-- Raw data follows --
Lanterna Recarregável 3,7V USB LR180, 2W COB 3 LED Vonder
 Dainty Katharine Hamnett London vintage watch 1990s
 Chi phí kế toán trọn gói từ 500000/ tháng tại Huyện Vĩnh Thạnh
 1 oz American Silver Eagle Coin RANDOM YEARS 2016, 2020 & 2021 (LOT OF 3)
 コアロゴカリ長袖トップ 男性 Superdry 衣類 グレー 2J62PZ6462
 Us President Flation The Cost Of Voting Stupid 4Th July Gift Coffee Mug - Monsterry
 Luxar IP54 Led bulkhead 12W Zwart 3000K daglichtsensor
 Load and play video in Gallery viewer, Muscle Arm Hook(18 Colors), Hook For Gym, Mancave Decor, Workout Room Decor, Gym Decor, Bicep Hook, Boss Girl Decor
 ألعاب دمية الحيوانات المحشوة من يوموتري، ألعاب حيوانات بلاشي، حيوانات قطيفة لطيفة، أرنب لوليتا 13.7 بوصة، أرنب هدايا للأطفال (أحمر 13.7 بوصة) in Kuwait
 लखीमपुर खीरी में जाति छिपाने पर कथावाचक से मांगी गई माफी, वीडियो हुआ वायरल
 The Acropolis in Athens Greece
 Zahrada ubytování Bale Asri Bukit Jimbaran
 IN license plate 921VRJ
-- Raw data concluded --
→ Problem requirements
Everything from the line containing "Dainty Katharine Hamnett" through the line containing "Luxar IP54 Led" in the material above should be retyped exactly, both ends included, and nothing more.

→ Task solution
 Dainty Katharine Hamnett London vintage watch 1990s
 Chi phí kế toán trọn gói từ 500000/ tháng tại Huyện Vĩnh Thạnh
 1 oz American Silver Eagle Coin RANDOM YEARS 2016, 2020 & 2021 (LOT OF 3)
 コアロゴカリ長袖トップ 男性 Superdry 衣類 グレー 2J62PZ6462
 Us President Flation The Cost Of Voting Stupid 4Th July Gift Coffee Mug - Monsterry
 Luxar IP54 Led bulkhead 12W Zwart 3000K daglichtsensor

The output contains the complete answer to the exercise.